As explained in the oneAPI.jl intro blogpost (be sure to also check the oneAPI.jl homepage and the actual Intel documentation about oneAPI), you can quickly download everything with a simple command (see what I was talking about when I said “pretty good packaging”?):

pkg> add oneAPI

📒 To check how to enter the pkg> prompt read the Pkg reference @ Julia docs

After everything is downloaded, we can simply start to type a new Julia program with:

using oneAPI

and then use the oneArray API to get things ACCELERATED!

Feed Forward Neural Network

Lets start out by defining what the key data structure for neural networks is: a matrix of real numbers.

const RealMat = AbstractArray{<:Real}

In this case we set the type to AbstractArray so later on we can construct a neural network for different types of arrays.

Now, lets make define data structures useful in writing clearer code to handle the computation of neuron layers:

const LayerInput = RealMat

struct Layer
    weights::RealMat
    biases::RealMat
end

struct LayerOutput
    # The value of the layer output before running the activation function over
    # each element
    partial::RealMat
    # And after running ϕ (activation function) after each element
    final::RealMat
end

Once that’s done we have the entire structure of a neural network quite well defined. We can do the activation function next:

ϕ(x) = max(x, 0)

Here we are using the ReLU function.

Okay, great work so far, but what about actually computing the output value of the nn? 😬 That comes now:

# Compute the outputs for each layer, given the input for the initial layer and
# the actual data (weights and biases) for each layer
function feed_forward(input::LayerInput, network::Vector{Layer})::Vector{LayerOutput}
    # If there's nothing in the nework, then there should be nothing in the
    # output too... 🤔
    isempty(network) && return []

    # We are calling `feed_forward` recursively, so first(network) is always the
    # "current" element we want to calculate with
    layer = first(network)

    partial_output = input * layer.weights + layer.biases
    output = LayerOutput(partial_output, ϕ.(partial_output))

    if length(network) == 1
        [output]
    else
        # Concatenate the current input with the output for the next layers
        [output; feed_forward(output.final, network[2:end])]
    end
end

And we are done! The only step that’s now missing is actually computing the value for some network. We are going to do this now ✨

gpu_network = oneArray(
    Layer(oneArray(rand(4096, 4096)), oneArray(rand(1, 4096))),
    Layer(oneArray(rand(4096, 4096)), oneArray(rand(1, 4096))),
    Layer(oneArray(rand(4096, 1)), oneArray(rand(1, 1))),
)

gpu_input = oneArray(rand(1, 4096))

println(last(feed_forward(gpu_input, gpu_network)).final)

This is where the actual magic happens.
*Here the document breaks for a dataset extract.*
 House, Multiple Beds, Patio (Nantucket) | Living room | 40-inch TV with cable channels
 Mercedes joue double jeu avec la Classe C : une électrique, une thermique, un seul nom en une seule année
By using oneArray here to construct the layers, we are making sure that when we call the multiply, map and sum functions in feed_forward, they are actually going to call routines which transfer the memory to the GPU and compute those operations on the GPU.

Pretty simple when you think about it right? It’s one of the best APIs for GPU programming I have ever seen, actually!

Future Work

In this example there are still some things we probably can optimize, specially around how we are getting the output: in a growable vector on the main memory. That means we are probably pausing the GPU a lot to copy data back.

If instead we did all operations writing back to GPU memory and copying only at the end, we would probably see better performance. Those are things to play around, however. This post was just an introduction for you to see how easy it to turn your GPU into a heater with Julia!